» Aim of the task
Exact copy, pictures excluded: output the lines from the opening of the entries through the line bearing "Hi guys, welcome".

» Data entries
BEGIN

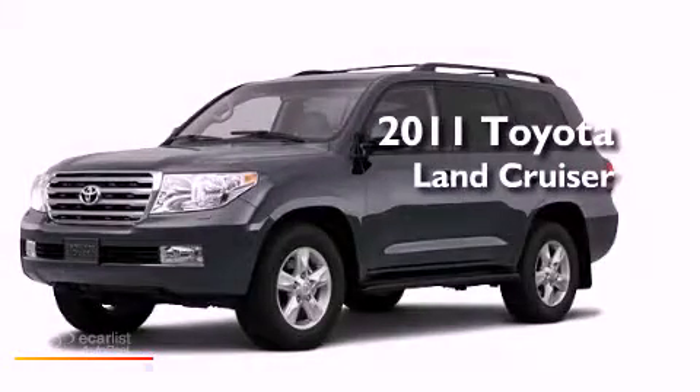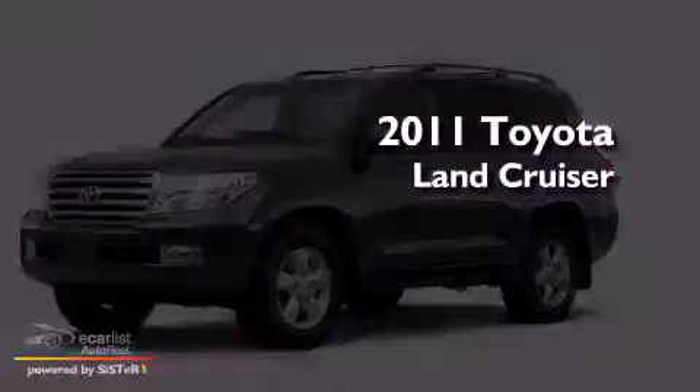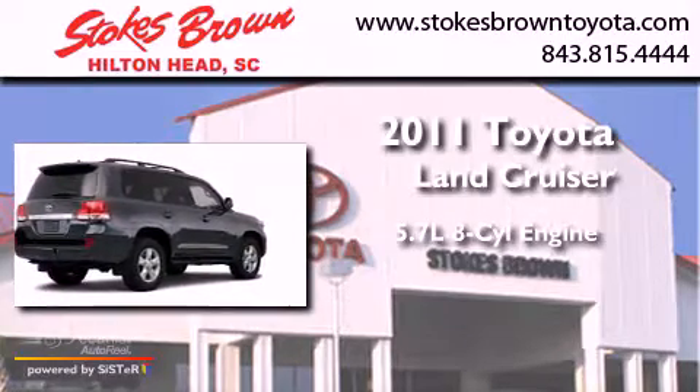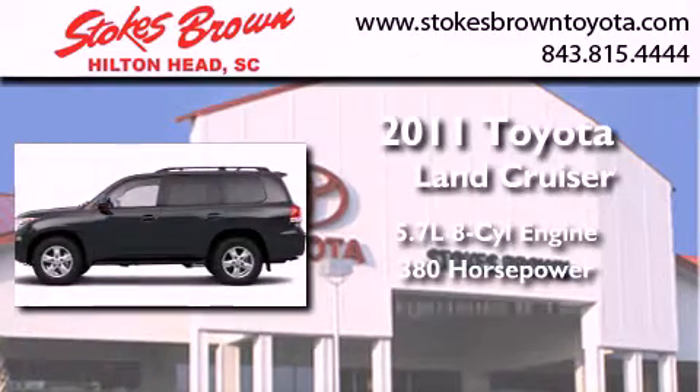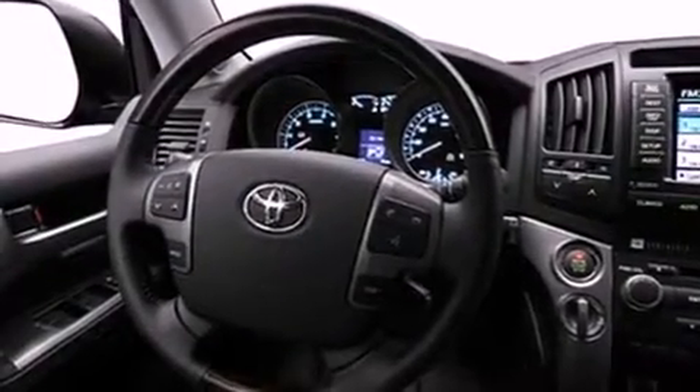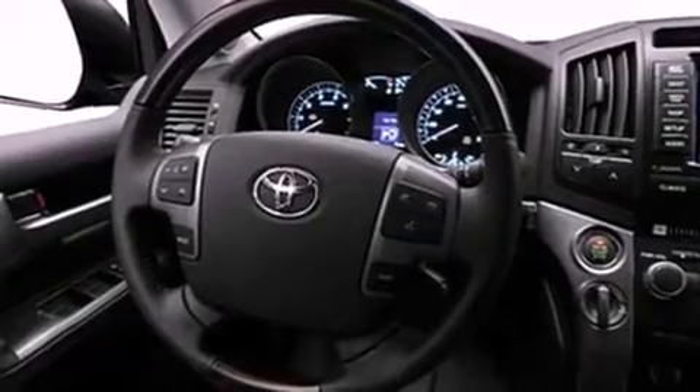This is a brand-new 2011 Toyota Land Cruiser. It has a 5.7-liter 8-cylinder engine and an automatic transmission. Its top features include skid plates, a moonroof, alloy wheels, and much more.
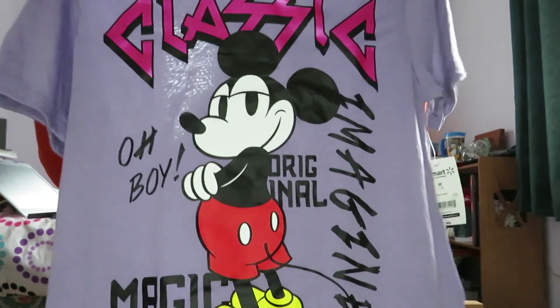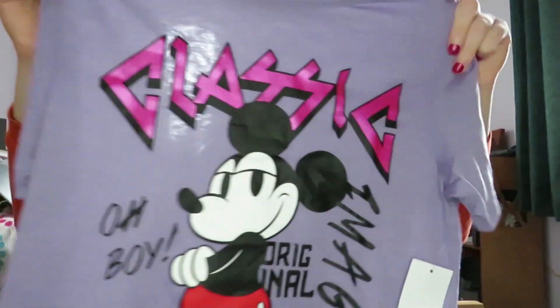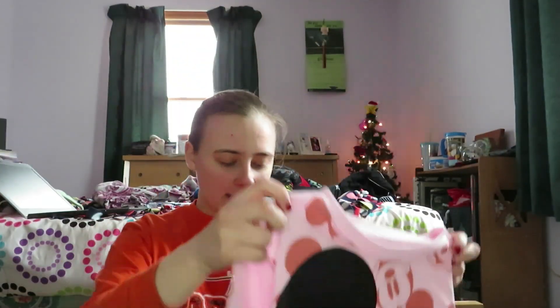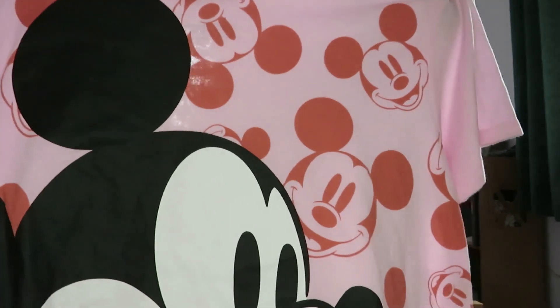From my parents I got a multitude of things. I got a couple of t-shirts — I got this Mickey Mouse t-shirt, it's purple and has Mickey on it. When I first saw it I thought it said 'savage' but it actually says 'imagine.' I also got this other Mickey Mouse shirt which I love — it has all the Mickey Mouse faces all over it and Mickey in the front.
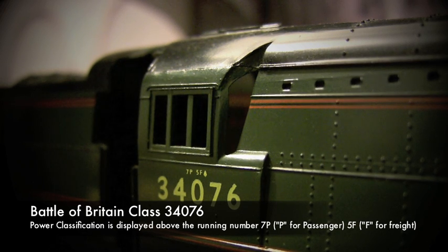Often a steam locomotive would have different ratings for different services. A steam locomotive such as this Battle of Britain class has a rating of 7P for passenger and 5F for freight. The letter P denotes passenger and F denotes freight. You can see that the power classification is written on the side of the locomotive directly above the running numbers.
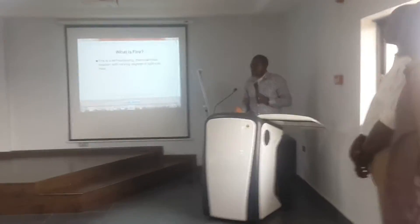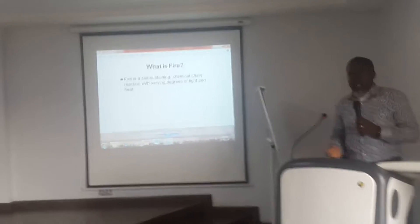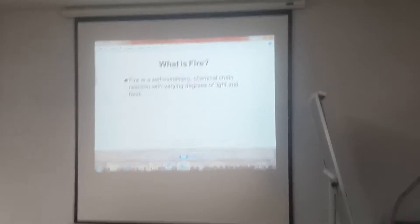The more intense the fire is, the more heat. The more intense the fire is, the more light. So basically, that's all that is involved in the fire.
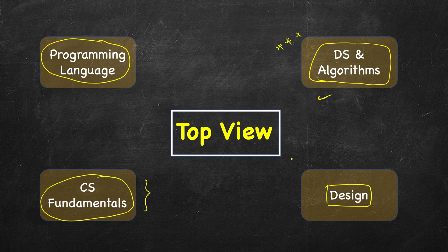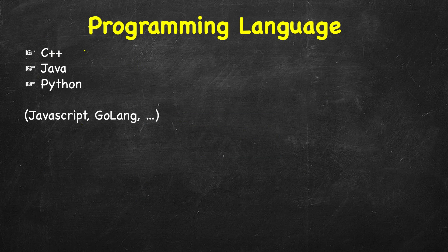Let's dive deeper into each of these sections. In programming language, it's recommended that you pick one of the main languages — either C++, Java, or Python. Some people also code in JavaScript and Go, but these three are universally accepted and most interviewers would be familiar with one or more of them. You should try to take your interviews in one of these main languages. It's not just about knowing the syntax.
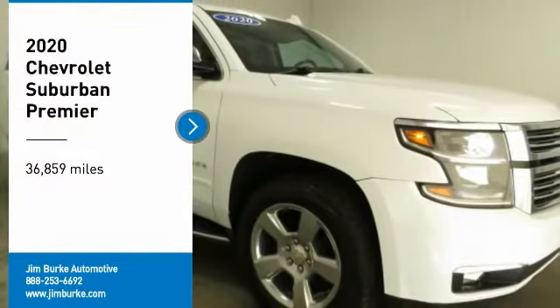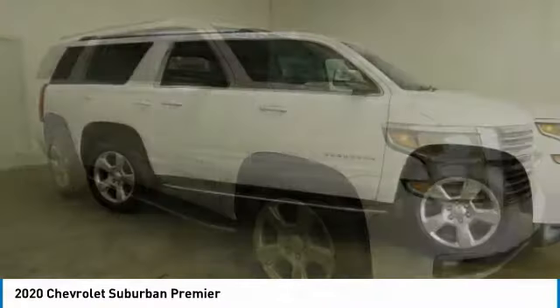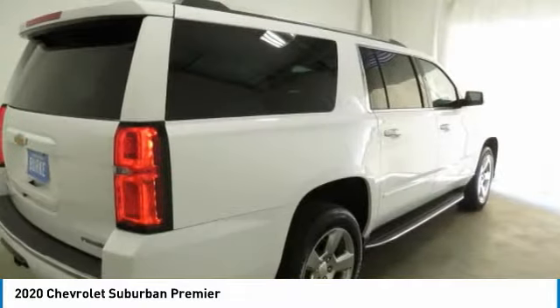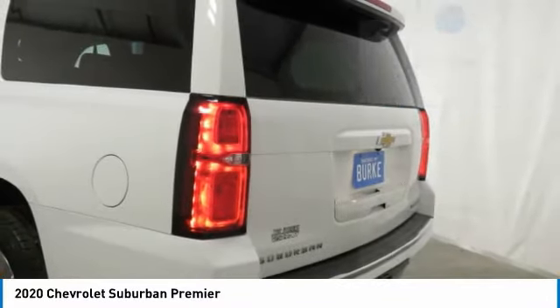Come test drive the 2020 Suburban. The Suburban excels at towing heavy trailers, hauling loads of people and gear, and enduring hard use and rugged terrain. This vehicle has less than 40,000 miles.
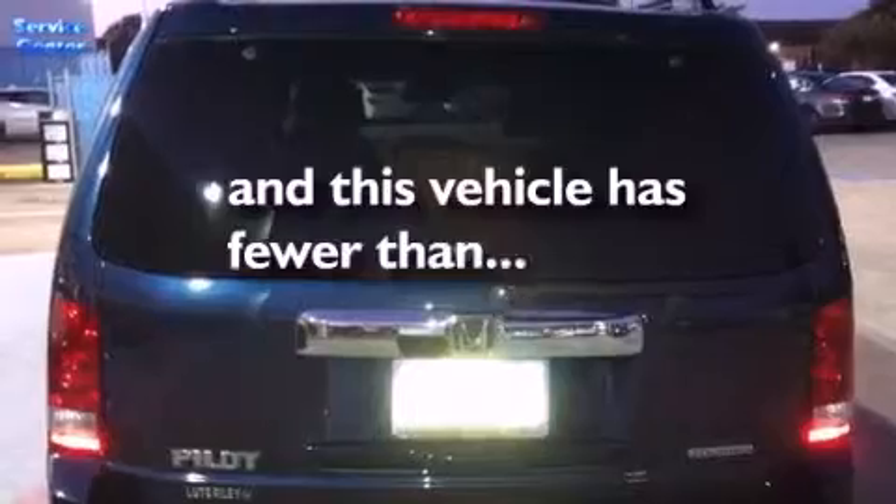Additional features include a security system, traction control, and air conditioning with automatic climate control. This vehicle has less than 50,000 miles.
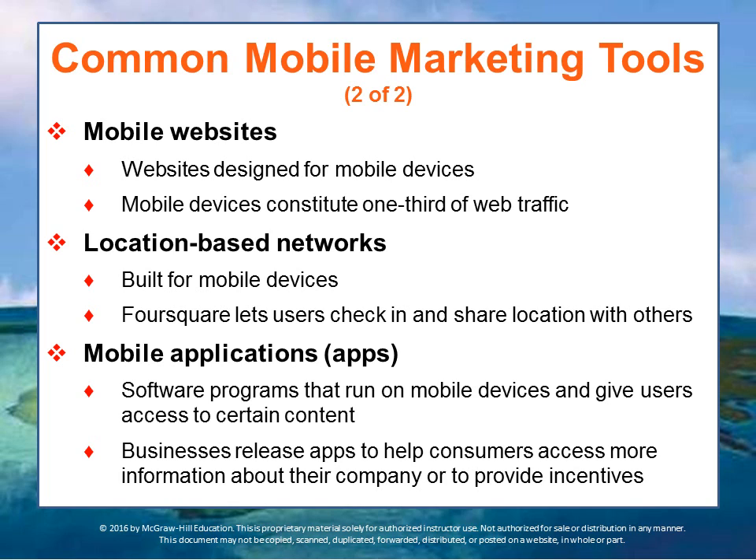This is one of those areas where even the best marketers aren't really clear where all of this is going, but it certainly has a huge future.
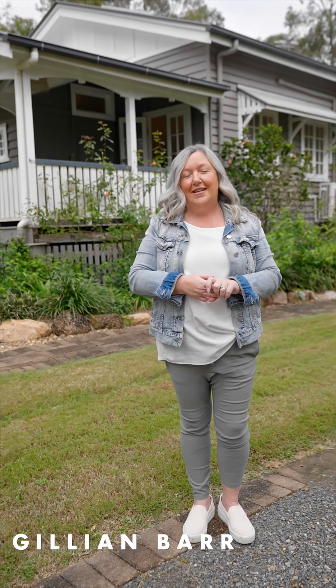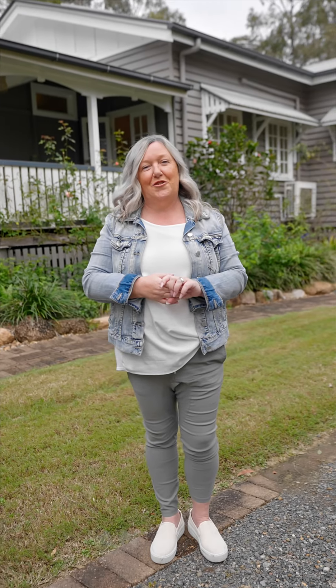Hi guys, welcome to 506 Kangaroo Gully, set on three acres of land, flat, never been flooded — the best Queenslander in the street.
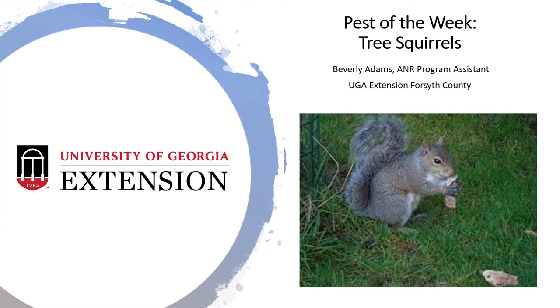Happy Friday everyone! I'm Beverly Adams, your ANR Program Assistant for the UGA Extension Office here in Forsyth County, with my pest of the week: tree squirrels.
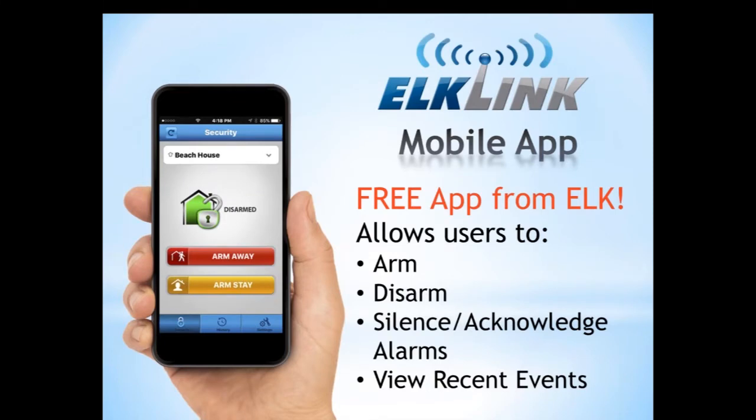The ELK Link web portal also offers a mobile app — this is a free app from ELK. It allows users to arm, disarm, silence, and acknowledge alarms and view current events.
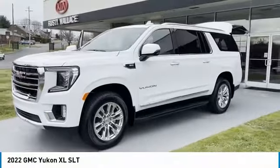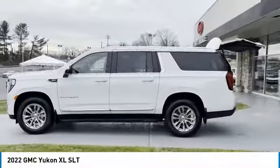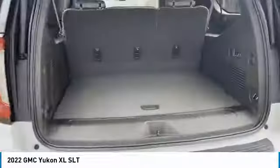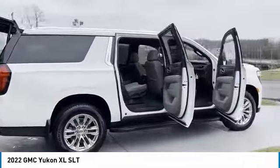Come test drive the 2022 GMC Yukon XL. The Yukon XL is a great choice for families who need a full-size SUV with maximum seating. The looks don't hurt either. Here are some of this vehicle's great options: towing package,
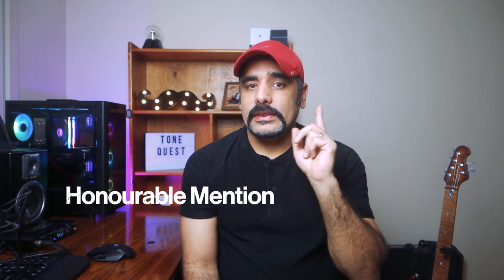Before we begin, as always it's time for this video's honorable mentions. I want to thank Kai Ness and Jose Martin — I hope I got your names right — for making a contribution towards the channel through my PayPal account. In case you're wondering how you can support the channel and get a shout out on future videos, check the description box for more details.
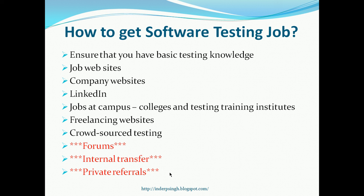I hope this video was useful for you. Just keep in mind that it is a numbers game. Whether you are looking for your first software testing job or a better one, it is useful to look at all available options: job websites, company websites, social media websites, freelancing and crowd-sourced testing, forums, internal transfer if possible, and of course private referrals, which is a very powerful way to get good software testing jobs. See you next time. Thank you.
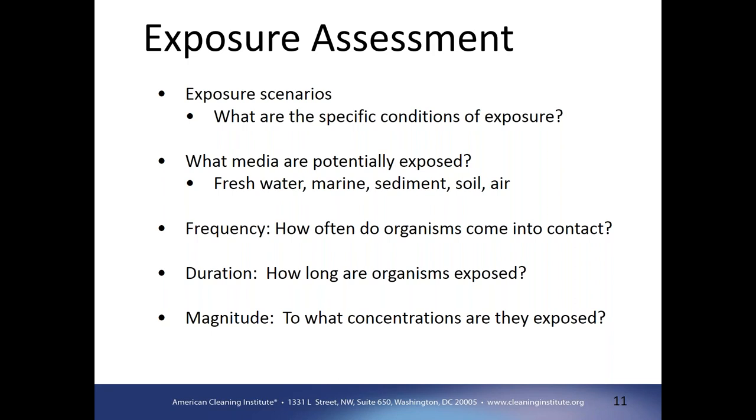Focusing on exposure assessment, we need to think about exposure scenarios — what specific conditions of exposure we want to utilize and what they represent. From an environmental perspective, we need to understand what media are potentially exposed: freshwater, marine water, sediment, or soil. How often do organisms come into contact with the chemical of concern, and how long are they exposed? Frequency might be due to pulses or flows in the water body, or movement from organisms through migration or diurnal patterns. Ultimately, we want to know what the magnitude of those concentrations are.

END

» Answer below
This is a brand-new 2011 Toyota Land Cruiser. It has a 5.7-liter 8-cylinder engine and an automatic transmission. Its top features include skid plates, a moonroof, alloy wheels, and much more.
From my parents I got a multitude of things. I got a couple of t-shirts — I got this Mickey Mouse t-shirt, it's purple and has Mickey on it. When I first saw it I thought it said 'savage' but it actually says 'imagine.' I also got this other Mickey Mouse shirt which I love — it has all the Mickey Mouse faces all over it and Mickey in the front.
Often a steam locomotive would have different ratings for different services. A steam locomotive such as this Battle of Britain class has a rating of 7P for passenger and 5F for freight. The letter P denotes passenger and F denotes freight. You can see that the power classification is written on the side of the locomotive directly above the running numbers.
The more intense the fire is, the more heat. The more intense the fire is, the more light. So basically, that's all that is involved in the fire.
Let's dive deeper into each of these sections. In programming language, it's recommended that you pick one of the main languages — either C++, Java, or Python. Some people also code in JavaScript and Go, but these three are universally accepted and most interviewers would be familiar with one or more of them. You should try to take your interviews in one of these main languages. It's not just about knowing the syntax.
Come test drive the 2020 Suburban. The Suburban excels at towing heavy trailers, hauling loads of people and gear, and enduring hard use and rugged terrain. This vehicle has less than 40,000 miles.
Additional features include a security system, traction control, and air conditioning with automatic climate control. This vehicle has less than 50,000 miles.
This is one of those areas where even the best marketers aren't really clear where all of this is going, but it certainly has a huge future.
Hi guys, welcome to 506 Kangaroo Gully, set on three acres of land, flat, never been flooded — the best Queenslander in the street.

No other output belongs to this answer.